Mean Girls: How Tina Fey Built A Mini-Empire Out Of One Screenplay
Out of this 2004 sharp and endlessly quotable high school satire, Tina Fey turned Mean Girls into a franchise that still has plenty of life left in it.
From a razor-sharp high school satire to a full-blown pop culture machine, Tina Fey turned Mean Girls into a franchise that still rules the social hierarchy decades later.
Judging by her credits, Tina Fey prefers writing for television: She created 30 Rock, co-created Mr. Mayor, Unbreakable Kimmy Schmidt, and wrote several episodes for Saturday Night Live.1 But when it comes to features, as of this time of writing, she’s only written the one screenplay: 2004’s high school comedy Mean Girls.
Just that one2. And while most screenwriters never break through on their first screenplay, Fey’s sole feature film script credit just so happens to be a pop culture classic.
At first, Mean Girls was supposed to be about the teacher.
Sometime around 2002, Fey came across ‘Queen Bees and Wannabees,’ a non-fiction self-help book by Rosalind Wiseman. The author, who had over a decade of experience working with girls on issues such as cliques, self-image, and social dynamics, wrote the book for parents to better understand their teenage daughters and how they could help them to deal with life in high school3. In other words, it is decidedly not a work of fiction ready-made for a big screen adaptation4.
Still, Fey was intrigued.

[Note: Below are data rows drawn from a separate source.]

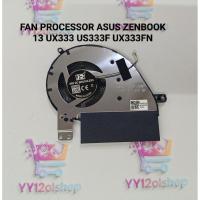 ราคา ASUS ZENBOOK 13 UX333 US333F UX333FN PROCESSOR FAN (51254099362)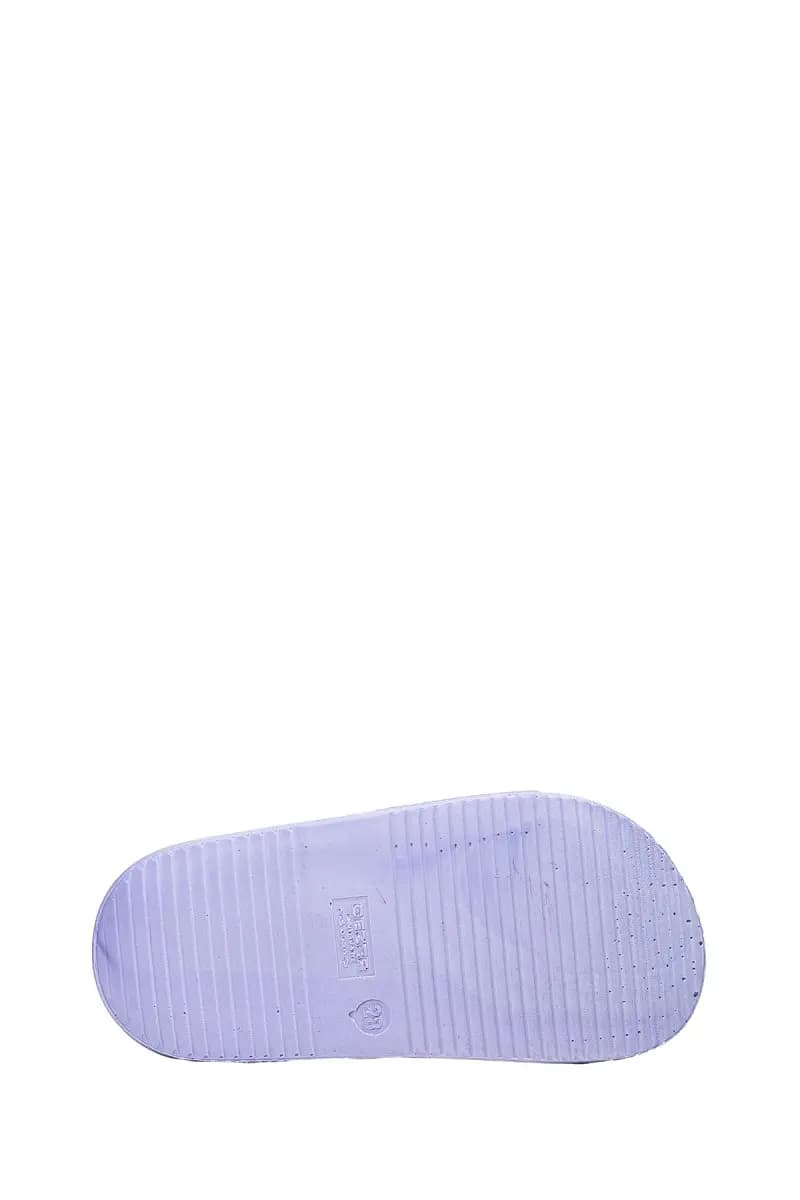 GEZER ШЛЁПАНЦЫ Девч. GT1YPE 16262 Фиолетовый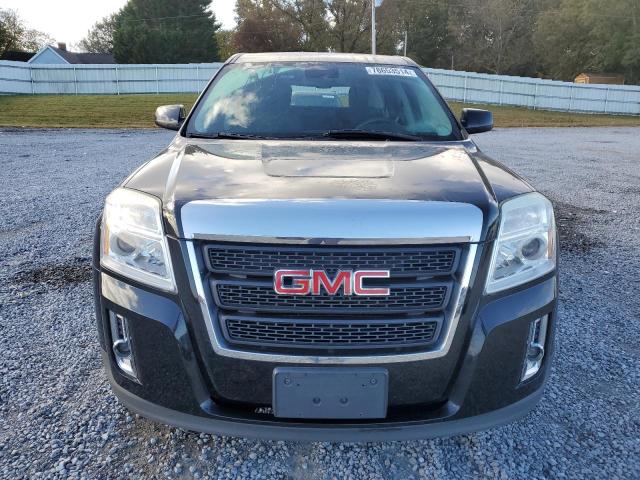 Photo 5 from auction – 2015 GMC TERRAIN SL with VIN 2GKALMEK4F6359613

The book provided all the insightful anthropological research she needed for a film about a teacher5 dealing with high school girls. “I thought I had been on SNL for a while and that I should try and branch out,” Fey says. “And I read the book, and I thought, ‘this will be like ‘Stand and Deliver,” and be a movie in which I can star.”
But the more work and research she did, the more she found that “the girls were the most interesting part.6 The true stories of the way young women behaved were insidious, but they were also kind of funny in their vicious cleverness.”
From this realization, Fey shifted the story to the perspective of the students, told through the eyes of Cady Heron, a homeschooled teenager who attends high school for the first time after a lifetime spent with her globetrotting research zoologist parents7, discovers that the fictional North Shore High School in Evanston, Illinois has a lot in common with the wild African savannahs, and gets roped into a series of adventures involving the school’s popular girl clique, The Plastics.
In other words, it started to shape into the film as we know it.
In 2002, Fey pitched Mean Girls (originally titled Homeschooled) to her Saturday Night Live boss and producer, Lorne Michaels, describing it as “a movie about what the call ‘relational aggression’ among girls.” If Michaels was bemused, it wasn’t enough to say “no” because he agreed to produce it.8 But even though Fey had written for Saturday Night Live, a feature film was an entirely different beast; worse, despite being based on a book, she was still essentially creating a story from scratch. “I had these amazing behaviors and anecdotes, but I didn’t have characters or story,” she recalls. “So, I literally read Syd Field, read “Save the Cat,” had a million index cards.”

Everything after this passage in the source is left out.